**DATA SEGMENT:**
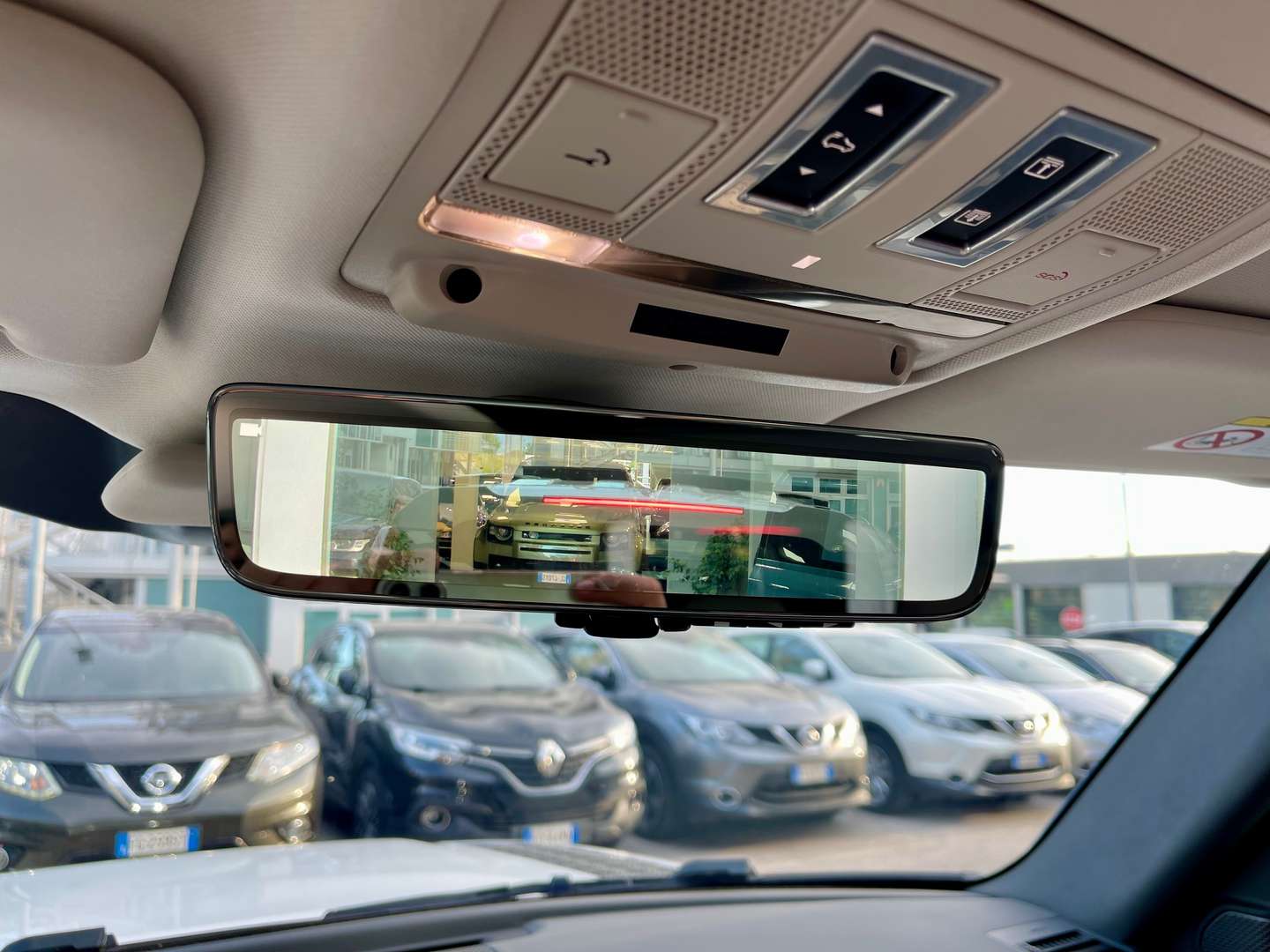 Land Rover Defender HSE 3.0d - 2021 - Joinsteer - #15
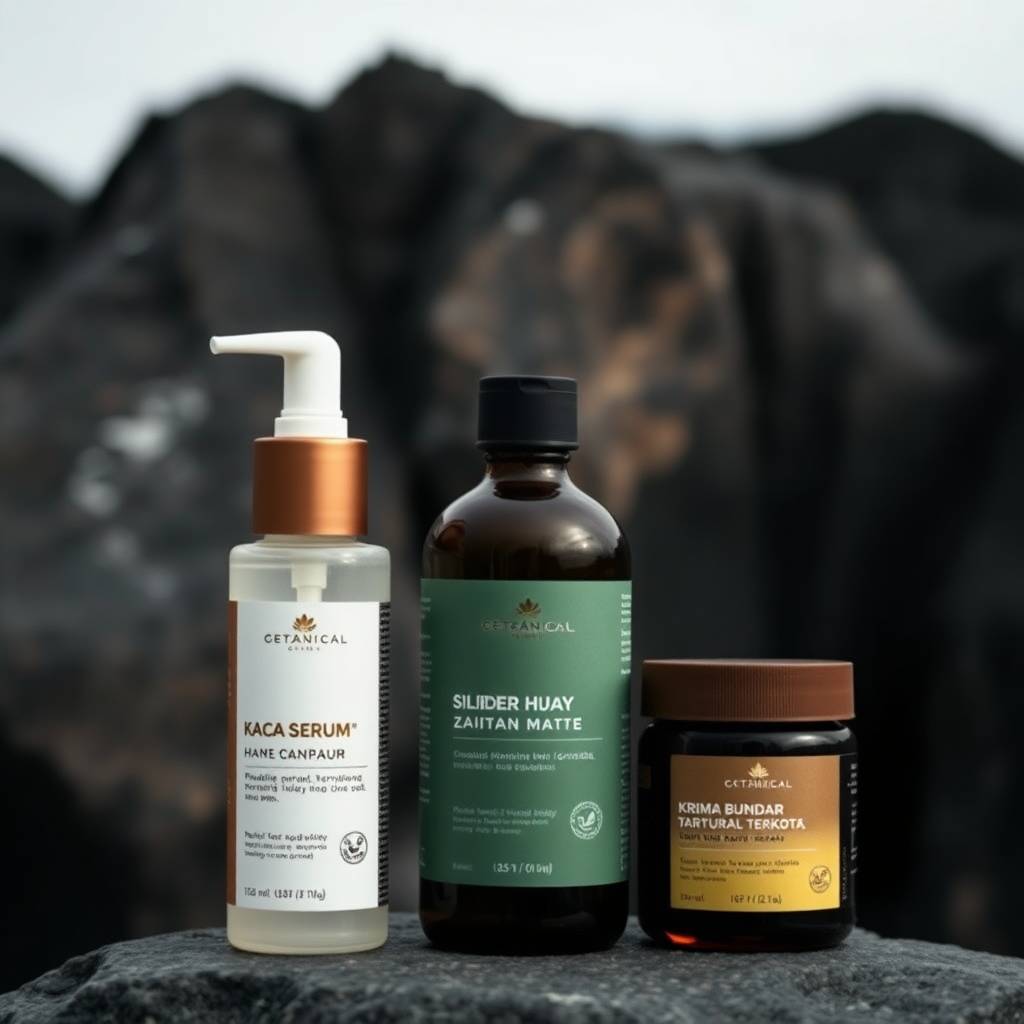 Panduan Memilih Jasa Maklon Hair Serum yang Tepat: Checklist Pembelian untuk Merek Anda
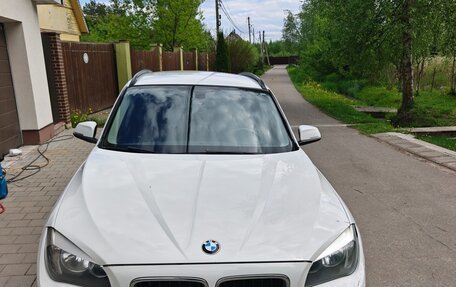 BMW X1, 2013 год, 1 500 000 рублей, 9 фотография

**THE TASK:**
Set down the whole listing exactly as given, except for the pictures.

**ANSWER TO THIS PROBLEM:**
 Land Rover Defender HSE 3.0d - 2021 - Joinsteer - #15
 Panduan Memilih Jasa Maklon Hair Serum yang Tepat: Checklist Pembelian untuk Merek Anda
 BMW X1, 2013 год, 1 500 000 рублей, 9 фотография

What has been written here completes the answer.